A Life or Death Situation for Cats
Sears, Otto, their clients (and their cats!) know their work helps saves the lives of hundreds of cats a year, but a lot of other people don’t—especially some who comment on their social media pages. One comment that occasionally pops up is to the effect of, “I’ve never seen a cat skeleton in a tree.”
Sears says the truth is you don’t see any skeletons in trees, whether that’s a cat, squirrel or other animal.
“When [cats] lose the ability to hold on they will fall,” he says. “We have seen dead cats at the base of trees.”
Cats who fall suffer serious injuries. Cats stuck for long periods can suffer from dehydration and internal injuries they can’t recover from.
There were several instances of long-hair cats where their tail was in a knot and stuck to the tree so there was no way they could make it down.
“If we hadn’t come along there absolutely would have been a skeleton!” says Sears.
A Unique Operation
While there are other rescuers across the country, Shaun says CCR is the only nonprofit.
“We do this more than anybody else in the United States…and we can say we do this more than anybody else in the world,” says Sears.

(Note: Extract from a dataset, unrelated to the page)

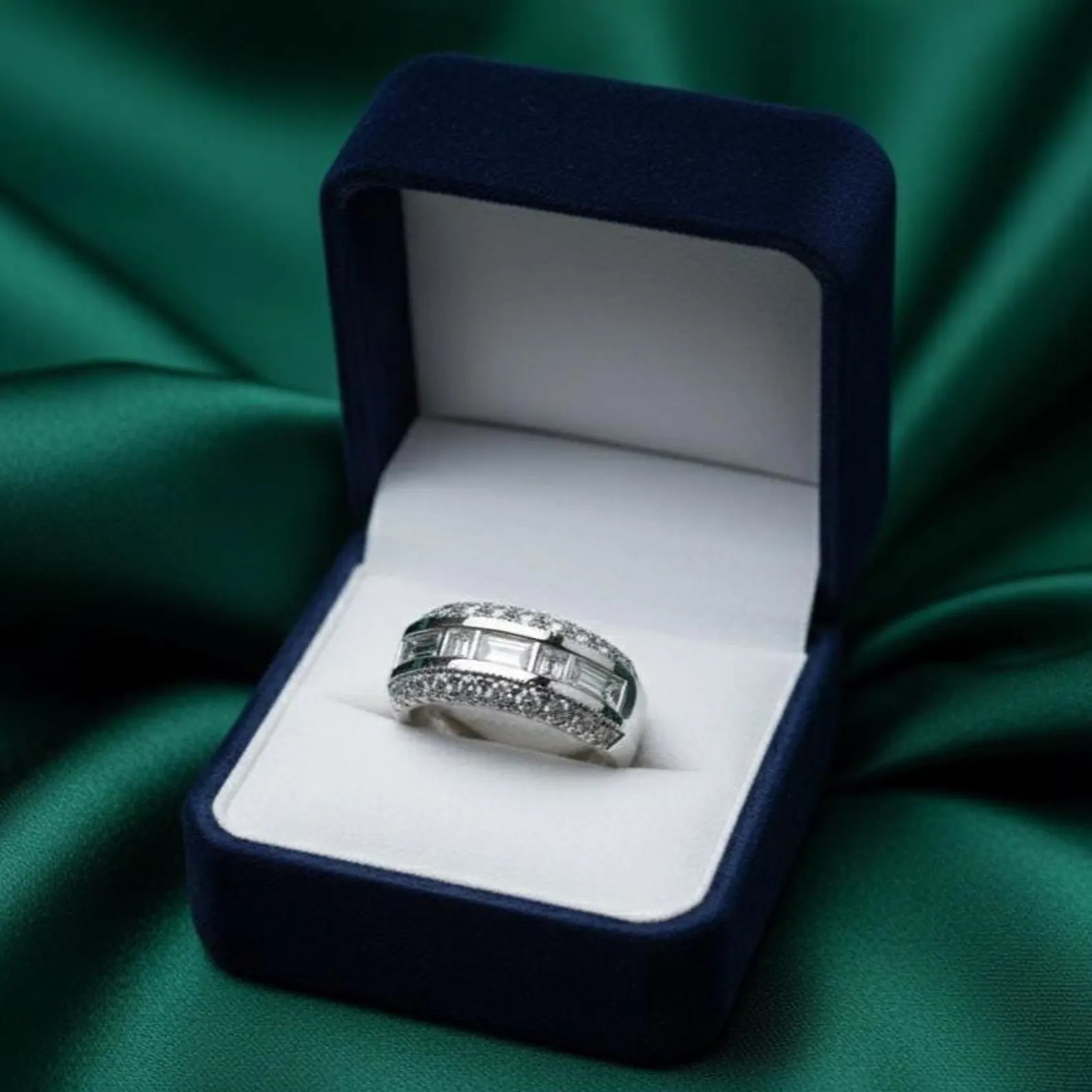 Men’s Ultra Wide Statement Band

Each year, the rescue gets more and more calls.
“Fire departments and tree services hand out our information and 911 dispatchers will hear of us and give out our information,” Sears says. “Fire departments do not get dispatched for cats in trees. They’re in the business of human emergencies but not pet emergencies. Very rarely a fire department can help a cat in a tree but they are not dispatched for it.”
If Your Cat Gets Stuck in a Tree
If your cat goes missing, be sure to check the trees, she may be stuck.
While some cats can climb down by themselves, others definitely need help. Cats can climb up trees easily, but due to the shape of their claws, climbing down is very difficult. And a traumatized cat may simply be too scared to try.
Sears doesn’t recommend putting food at the base of the tree.
“Chances are that your cat won’t be able to see or smell the food and it will likely attract other animals and wildlife to the base of the tree,” says Sears.
If you’re in Washington state, give CCR a call, otherwise you can consult the worldwide directory that lists cat tree rescuers so you may find someone in your area who can help.
You can also try tree services in your area.
Sears says people may think their cat is dumb because the cat can’t climb down from the tree but it’s quite the opposite.
“The cat was really smart. He used the tree to save his life,” he says.